Same thing with “we wish you luck and we’re all counting on you”.
Of course it is only spoken once in “Zero Hour” whereas they use it 3 times in “Airplane”.

5 Time Champ
From that very scene about “birds too”, there was something I missed (did you catch this on first viewing ?). After Ken Tobey hangs up the phone you see he was talking to Lloyd Bridges also on the phone, but right across the table !!! It took me quite a while to catch that.

Ah, but I wouldn’t have to worry about this, because I hate fish. Except for fish sticks. My eight-year-old-kid palate once again saves the day!

I love the silly name jokes in both Airplane and Airplane II. Like this one from the second one:

I loved this movie as a kid, Police Squad was my favorite show.

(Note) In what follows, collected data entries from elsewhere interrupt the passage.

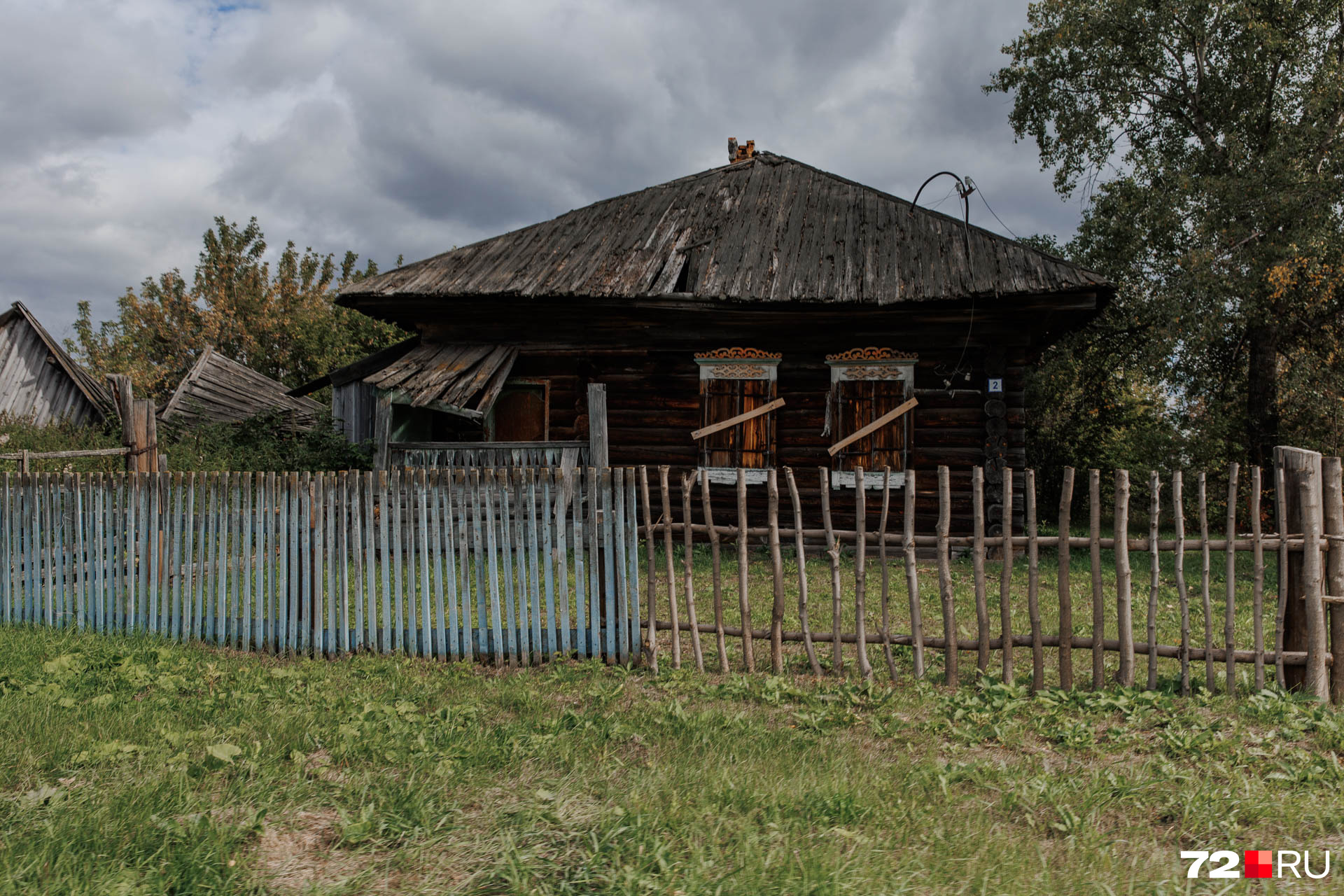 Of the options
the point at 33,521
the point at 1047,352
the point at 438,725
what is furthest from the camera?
the point at 1047,352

If you watch Oveur when he comes into the airport, right before he takes the phone call (Hamm on five, hold the Mayo) he walks to a magazine rack, and from a section marked “Whacking Material” picks up a copy of “Modern Sperm” with a whale on the cover.

I had a top loading VCR with a real cool wired remote that included a really nice slow/stop motion control.

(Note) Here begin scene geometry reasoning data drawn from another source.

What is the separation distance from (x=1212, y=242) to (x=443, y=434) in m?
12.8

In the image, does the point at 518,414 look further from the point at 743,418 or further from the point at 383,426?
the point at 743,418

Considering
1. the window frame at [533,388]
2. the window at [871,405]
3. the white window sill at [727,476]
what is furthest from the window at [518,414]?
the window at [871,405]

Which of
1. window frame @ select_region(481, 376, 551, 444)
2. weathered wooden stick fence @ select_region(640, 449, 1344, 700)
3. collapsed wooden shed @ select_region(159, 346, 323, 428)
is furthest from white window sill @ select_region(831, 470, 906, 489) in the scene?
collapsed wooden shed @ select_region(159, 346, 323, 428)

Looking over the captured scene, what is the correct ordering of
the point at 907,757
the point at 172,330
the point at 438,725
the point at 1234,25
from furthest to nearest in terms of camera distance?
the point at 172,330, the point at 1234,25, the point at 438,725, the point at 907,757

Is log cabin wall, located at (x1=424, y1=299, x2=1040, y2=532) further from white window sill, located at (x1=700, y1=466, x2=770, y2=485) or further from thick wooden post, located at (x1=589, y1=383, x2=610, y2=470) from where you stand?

Incidentally, during the preflight check in Airplane!, a ground crew worker can be seen popping the plane’s “hood” and checking the oil. He was played by Jimmie “Dyn-o-mite!” Walker.

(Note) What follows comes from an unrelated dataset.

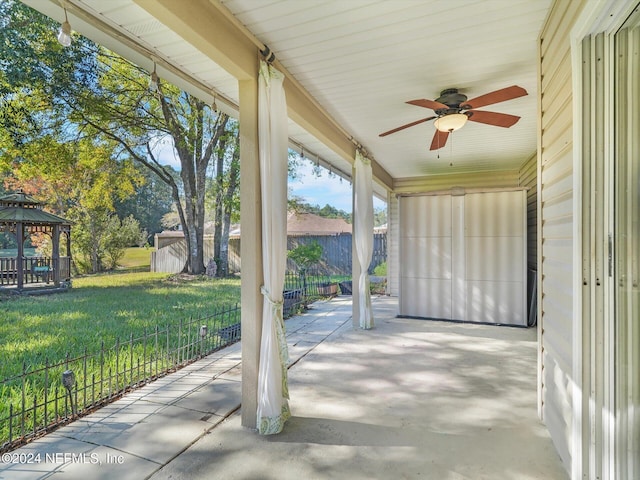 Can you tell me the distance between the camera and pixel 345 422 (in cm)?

And I’ll throw in one of my fave bits (egregiously misquoted, I’m sure) from ZAZ’s earlier work Kentucky Fried Movie, which incorporated the short film Fistful of Yen:

Dr. Klahn: [while giving tour to visitors to his island lair, leads them to the underground cells] These are drunken men who don’t know where they are. [moves to next cell] And these are drunken men who don’t care where they are. [next cell] And these are men who don’t know or care where they are, but don’t drink!
Prisoner #1: I know where I am.
Prisoner #2: And I don’t drink.
Klahn: What! You, get out of there, you go there, move! [rearranges prisoners by cell until order is retored, then haughtily leads vistors away]
Guard: What do you want for dinner?
Prisoner #1: I don’t care.

Sigh. I couldn’t resist seeing if the scene’s dialog was recorded at imdb.com, and this is their (probably more accurate) version:

Loo: And who are they?
Dr. Klahn: Refuse, found in waterfront bars.
Loo: Shanghaied?
Dr. Klahn: Just lost drunken men who don’t know where they are and no longer care.
Prisoner #1: Where are we?
Prisoner #2: I don’t care!
Loo: And these?
Dr. Klahn: These are lost drunken men who don’t know where they are, but do care! And these are men who know where they are and care, but don’t drink.
Prisoner #3: I don’t know who I am?
Prisoner #4: And I don’t drink!
Dr. Klahn: Guards! (move prisoners) Do you care?
Prisoner #5: No.
Dr. Klahn: Put this man in cell #1, and give him a drink.
Guard: What do you drink?
Prisoner #5: I don’t care.

Well, I got the gist of it.

The Man in the Taxi (in Airplane!) was none other than Howard Jarvis, the author of California’s Prop. 13 back in 1978, his only movie cameo.

“So, how hot and wet do you like it?”

“Mighty hot, and plenty wet.”

I actually went home and watched Top Secret! last night because of this thread. I can’t believe that I had forgotten the German officer with the large rubber stamp that said “FIND HIM AND KILL HIM.” I actually shot chocolate milk out my nose.

Yeah, that was good.

As was the Pinto.

And Nick crawling on the ground until he sees the jackboots. Empty, of course.

“…und Klaus is a moron who only believes what he reads in the New York Post…”

Seriously, Top Secret! was the pinnacle of the ZAZ group.